Dude, I conceded that one failed VDEV will destroy the pool.
However, this deviated very much from your original argument that a single pool of multiple single-drive VDEV is not possible. You have yet to acknowledge you were wrong.
Now whether to proceed with ZFS without parity disks is up for debate which I was and am not interested in at all.
The “critical target error” seems to be btrfs-specific? I only get a single hit doing a web search. Not much to go on, unfortunately.
Could it be the checksum option blake that I selected that could be the cause? For the time being I’m going to attach both the drives to my more powerful local machine and directly to sata ports. Will test out the same rsync command and see if I’m still facing the same issue. The good thing is at least for the time being the older drive still seems to be able to read and write. I have a feeling it is mostly the checksum issue but I could be wrong.

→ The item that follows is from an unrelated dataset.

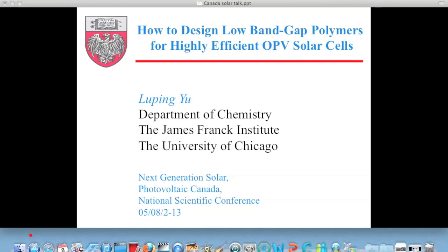Thank you for your kind invitation and introduction. So I have brought you to discuss some research we had. We have to switch the gear — you already heard about inorganic solar cells and wonderful science. So I'm trying to do, from an organic chemist's point of view, tell you how to design polymers which will show high efficiency.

I tried a new usb type c cable for the mediasonic enclosure but faced the same issue again. I just hope both drives are healthy. I’m liking btrfs for the time being… Being able to check the condition of the drive and it’s data is quite handy
The old drive on fedora is showing an error like the earlier 14TB “DISK IS LIKELY TO FAIL SOON”
I ran the smartctl command and I’m guessing it’s because of these two properties having a number 0. Do I need to start the return process for this drive too? Is there a way for me to check for bad sectors in linux? (ignore… found a command called badblocks which I think will do it for me
I know almost nothing about btrfs so I can’t comment on that, really. I don’t see why a checksum option would cause that error though. I would certainly suspect any USB controllers first, that’s for sure. So it’s great that you’re trying with a direct SATA connection!
When it comes to ZFS, I can mostly agree with the points in the post you linked to. ZFS was made for the data center, and it shows. Many points are not very important to me though (I don’t need the absolute latest kernel for instance; in fact I like to use a “longterm” kernel on my server). Some points are “mostly” wrong (“Can’t recompress or uncompress”, “Can’t move data between datasets”), and at least one point has changed since that was written (“No reflink copies” - although there were some nasty bugs related to this one when it was first released. I have no real use for it so haven’t tried reflinks yet.)
But yeah, ZFS is kinda inflexible and I’m not impressed with the code quality: I’ve ran into bugs relating to parsing of command line options (including the --dry-run option doing nothing, not even parsing the options! ), and I don’t like ZFS’ habit of panicking the kernel if something’s wrong rather than aborting the mount/whatever and emitting a kernel Oops.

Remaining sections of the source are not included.